▶ WORK TASK:
Write the data out in full and word for word. Do not include images.

▶ RAW DATA:
▼
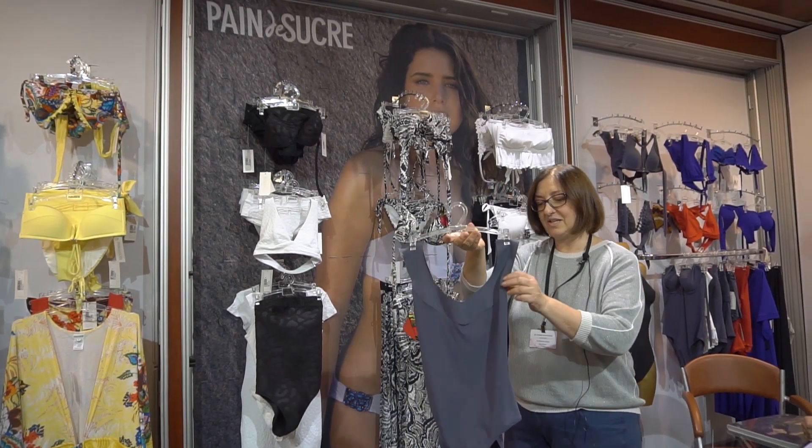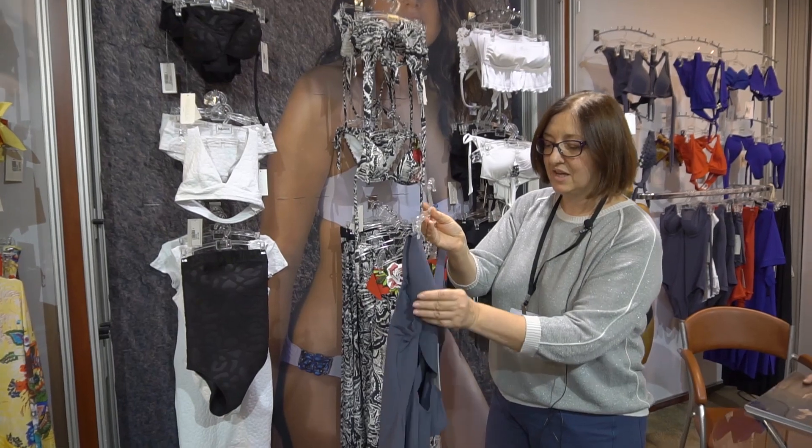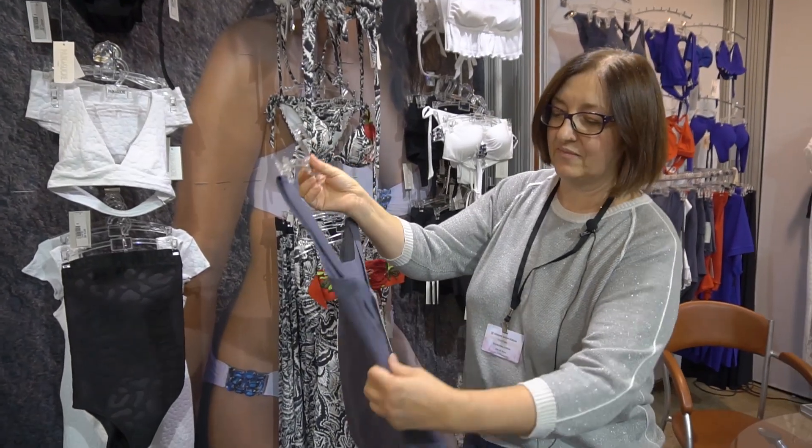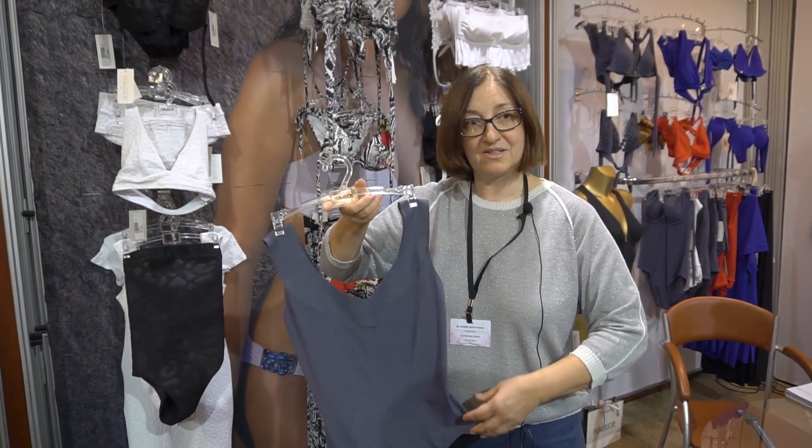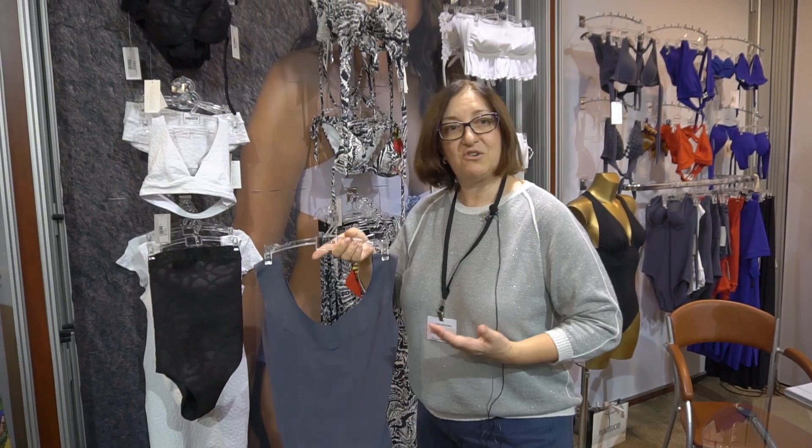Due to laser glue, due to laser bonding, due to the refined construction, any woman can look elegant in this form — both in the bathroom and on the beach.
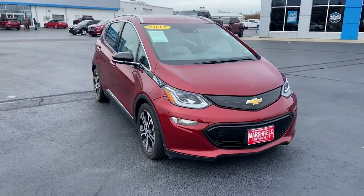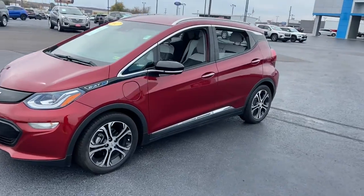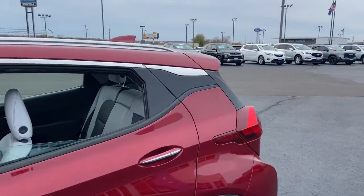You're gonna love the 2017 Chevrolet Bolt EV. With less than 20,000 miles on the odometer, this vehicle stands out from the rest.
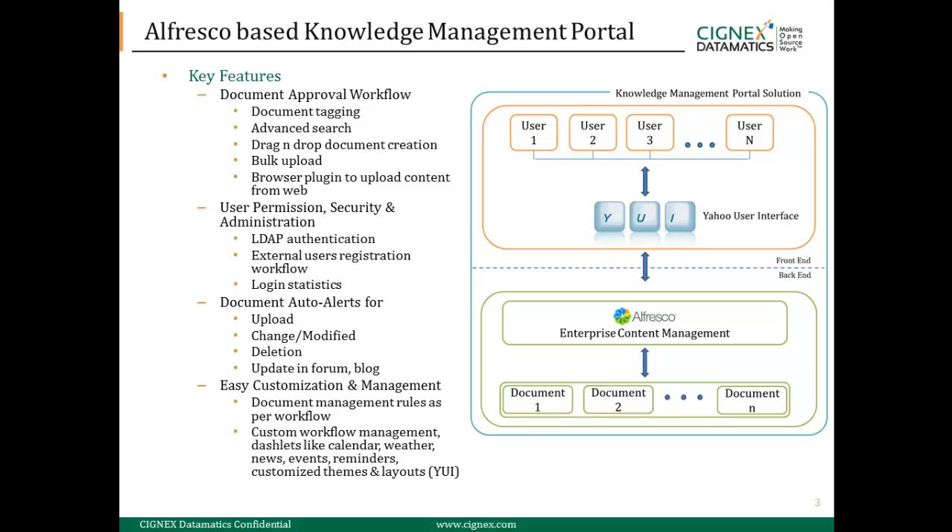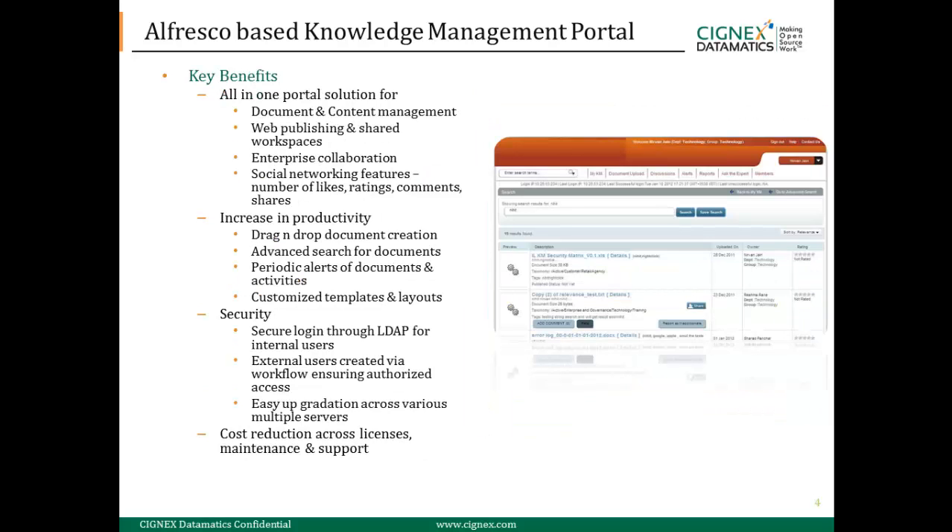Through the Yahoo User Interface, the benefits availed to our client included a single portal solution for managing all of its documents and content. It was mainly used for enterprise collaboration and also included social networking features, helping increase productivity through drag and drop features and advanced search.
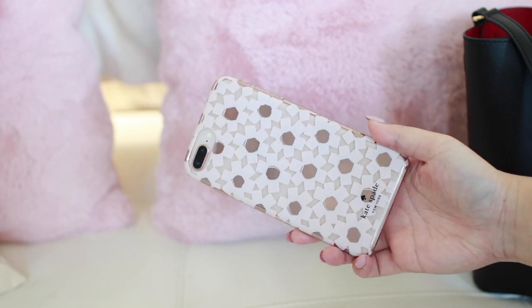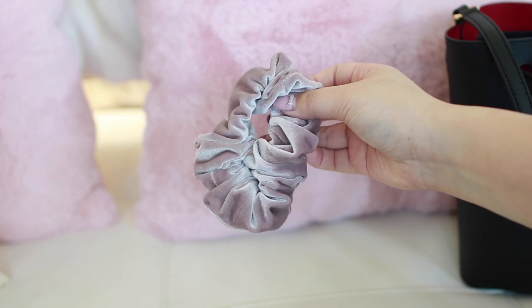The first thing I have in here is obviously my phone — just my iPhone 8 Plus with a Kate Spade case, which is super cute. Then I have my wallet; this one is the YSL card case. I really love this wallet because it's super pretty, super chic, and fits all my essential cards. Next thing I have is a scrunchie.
▲
▶ TASK ANSWER:
Due to laser glue, due to laser bonding, due to the refined construction, any woman can look elegant in this form — both in the bathroom and on the beach.
You're gonna love the 2017 Chevrolet Bolt EV. With less than 20,000 miles on the odometer, this vehicle stands out from the rest.
Through the Yahoo User Interface, the benefits availed to our client included a single portal solution for managing all of its documents and content. It was mainly used for enterprise collaboration and also included social networking features, helping increase productivity through drag and drop features and advanced search.
The first thing I have in here is obviously my phone — just my iPhone 8 Plus with a Kate Spade case, which is super cute. Then I have my wallet; this one is the YSL card case. I really love this wallet because it's super pretty, super chic, and fits all my essential cards. Next thing I have is a scrunchie.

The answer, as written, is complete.